The highlight of this week was undoubtedly the thanksgiving celebrations on Tuesday, for the life of SEARCHLIGHT’s founding Managing Editor Norma Keizer. Just as this was a fitting close to Black History Month, so too did it lead up to today’s start of National Heritage Month, a topic dear to the heart of the late patriot. In one week’s time to be exact, Vincentians will join the rest of the world in celebrating International Women’s Day, an occasion to which the accomplishments of Mrs Keizer and a host of outstanding Vincentian women, will be remembered.{{more}}

It is indeed a pity that there is still not yet a system of national honours, a goal towards which Mrs Keizer made her own contribution. Save for our unanimous acclaim of Callinago Chief Joseph Chatoyer as our sole National hero, we have been unable to agree on little else. In 2009, we voted against constitutional change which would have forced us to come to grips with national honours. It is to be hoped that we would get back on track soon and that Government, of whatever hue or persuasion, would at long last be able to honour our outstanding nation-builders.

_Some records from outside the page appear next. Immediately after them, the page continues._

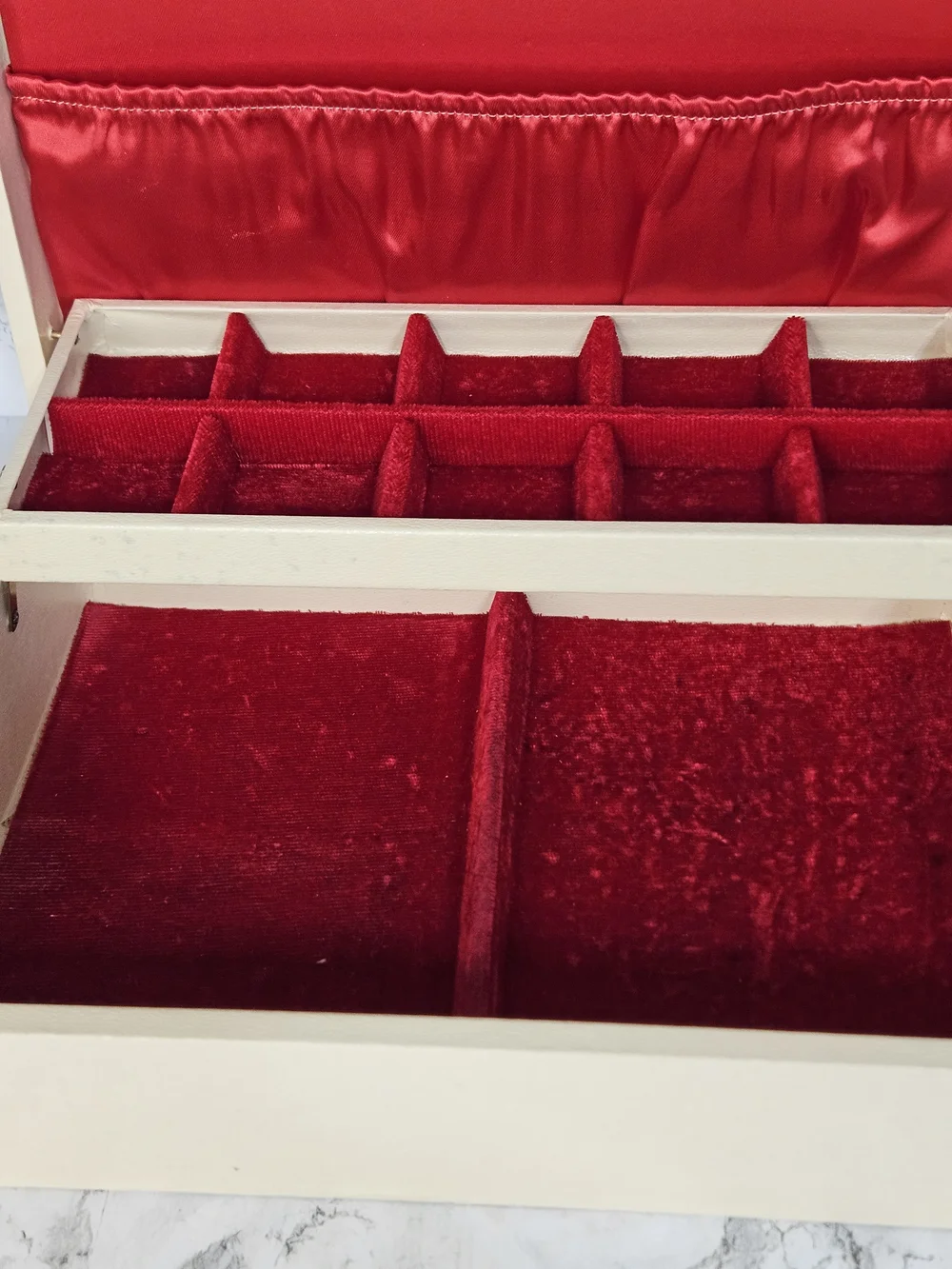 Vintage 1960's Lady Buxton Beige Two Tier Jewelry Box With Red Velvet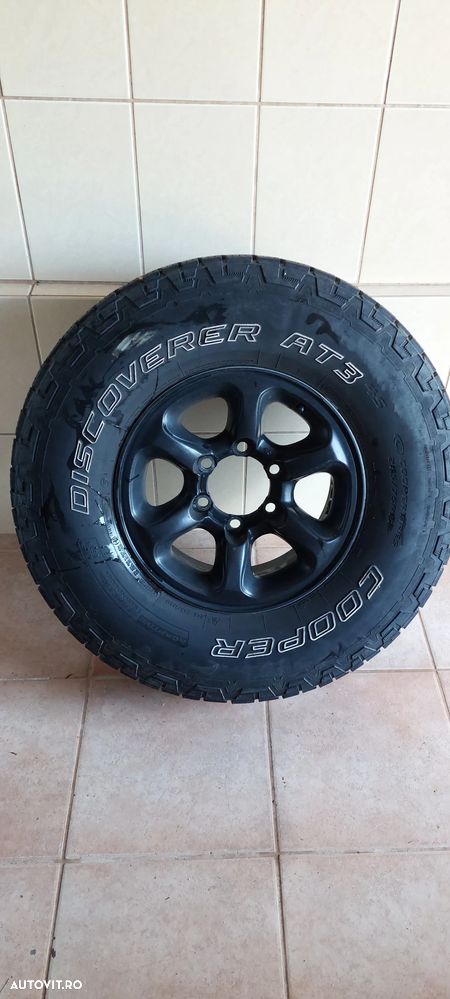 Vand jante si anvelope Mitsubishi Pajero sau Nissan Patrol - 1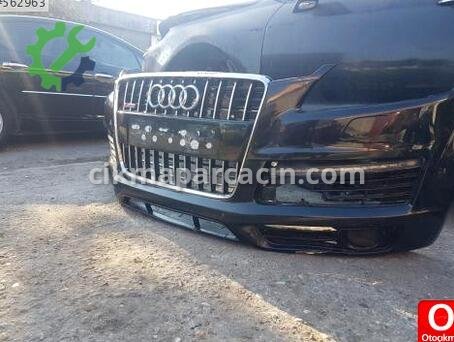 Audi Q7 Ön Tampon çıkma parça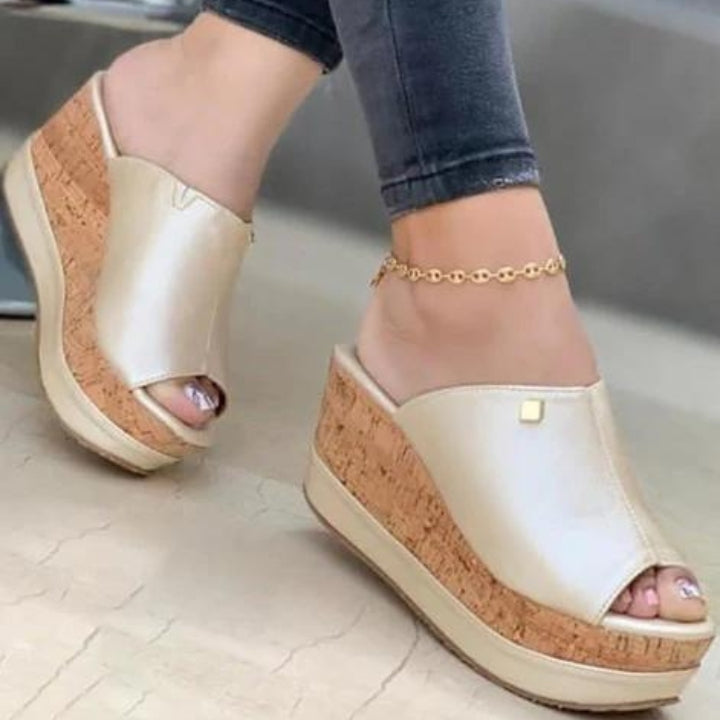 Casual Pump Platform Wedges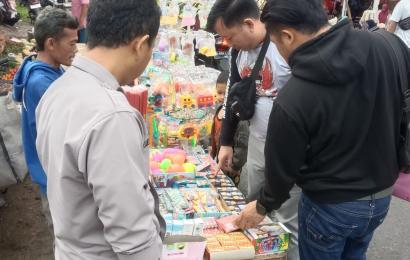 Operasi Pekat Nala, Polsek Pondok Kelapa Sita Puluhan Petasan dari Pedagang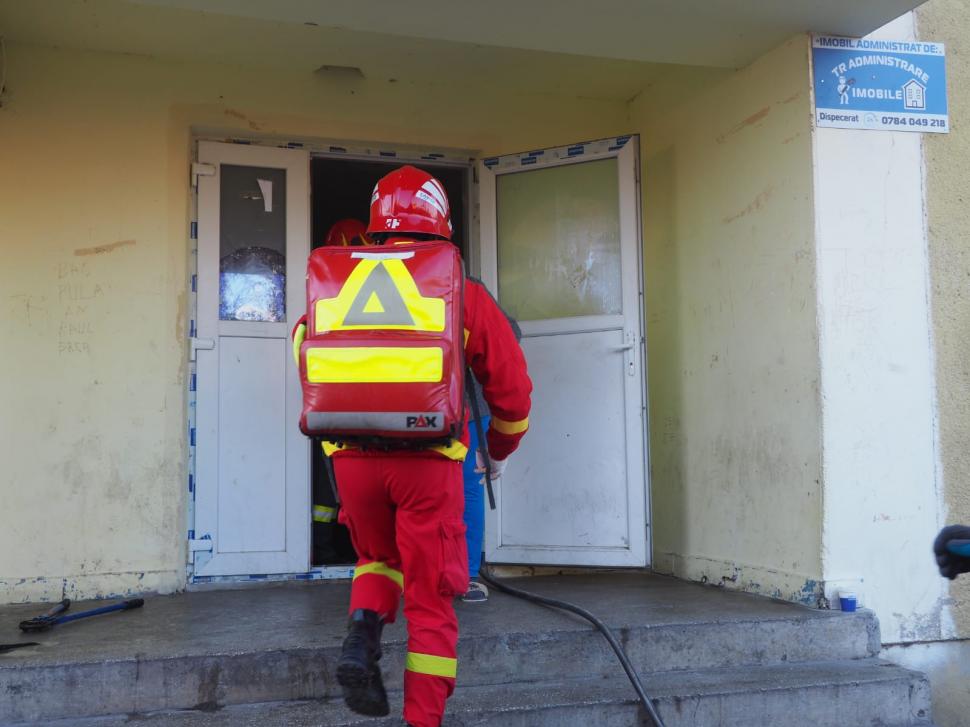20 de oameni și o pisică, salvaţi de pompieri dintr-un incendiu la un bloc din Alexandria, Teleorman 745566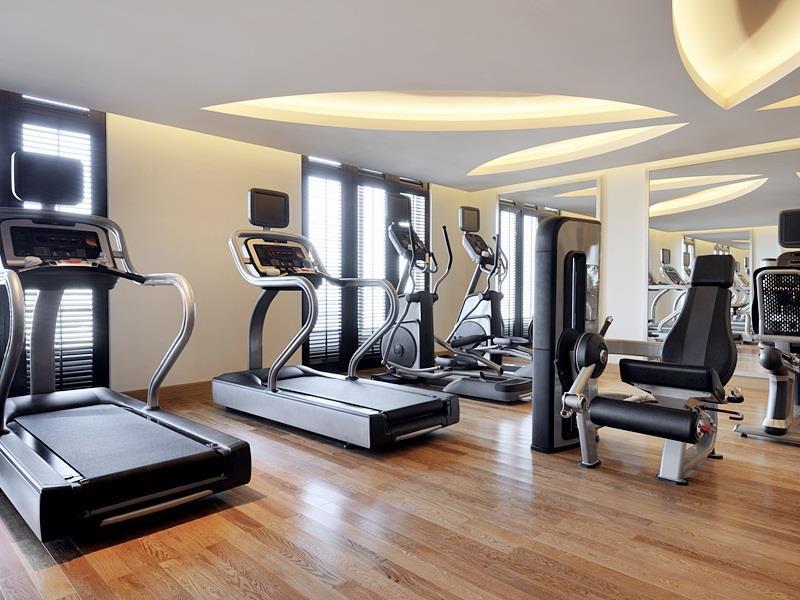 Marriott Executive Apartments Al Jaddaf, Dubái Exterior foto The gym at the hotel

The annual commemoration of the month of March as National Heritage Month has still not sunk deep enough in our society. A calendar of activities has been drawn up and published by the Department of Culture. This is praiseworthy and is in furtherance of the Department’s theme for the month of “Appreciating our identity: preserving our heritage with pride”.

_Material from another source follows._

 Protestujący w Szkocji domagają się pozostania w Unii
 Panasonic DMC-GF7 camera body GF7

The activities are varied both in content and geographical spread. They include activities to honour the memory of two former Leaders of our country, themselves still candidates for the designation as National Hero: the late Ebenezer Theodore Joshua and Robert Milton Cato; the sacred National Heroes day ceremony on March 14 and a range of cultural happenings – Festivals, calypso and gospel concerts, activities to promote film, fine arts and fashion as well as the annual pilgrimage to Balliceaux, the island to which the Callinago people were exiled by the British in a futile attempt at extermination.

There are notable omissions in this official calendar though. Two glaring ones are the absence of activities to commemorate the birth of two other candidates for National Hero status, George McIntosh and Hugh Mulzac. These two of our foremost patriots were born within three weeks of each other, on March 6 and 26, in the year 1886. We cannot just be remembering death dates, we must also acclaim their dates of arrival.

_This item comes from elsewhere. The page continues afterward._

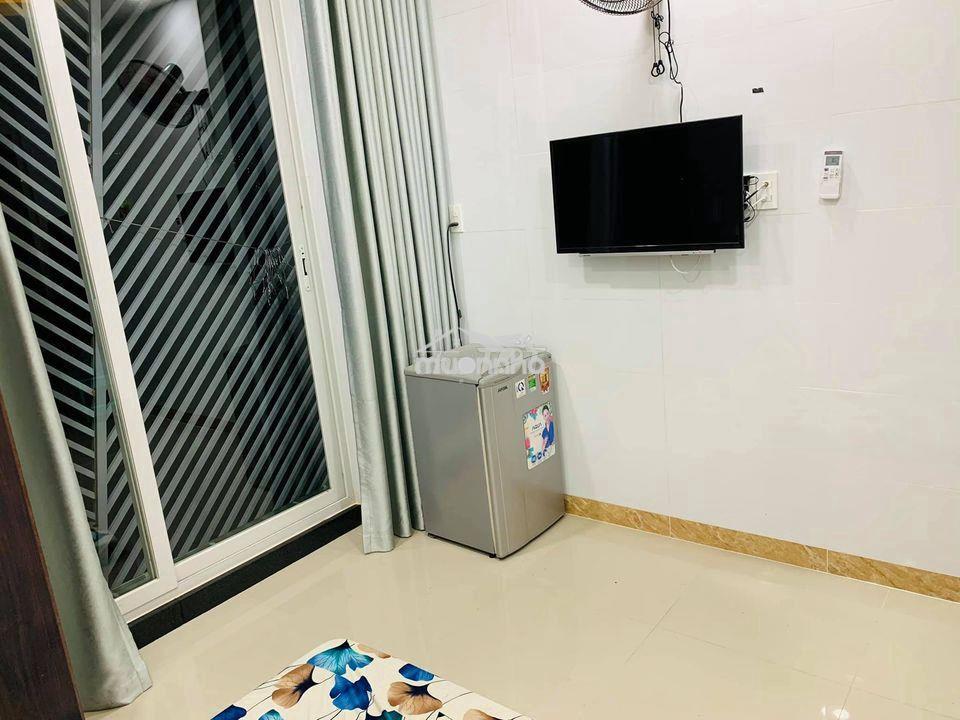 Phòng có ban công, wc riêng bến vân đồn q4, full nội thất - 2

Missing too, is the inclusion of International Women’s Day in the listed activities for the month. True, this is an International commemoration, but it is very relevant to the contribution of Vincentian women. In addition to Mrs Keizer, the late fighter for women’s and farmers’ rights, Earlene Horne, passed away on March 14, 1998. The connection could have been made in this regard, since both deceased made significant contributions to national development.

Even as we salute the initiative of the Department of Culture, it is not too late to correct these oversights in an effort to deepen our appreciation of the significance of the month of March.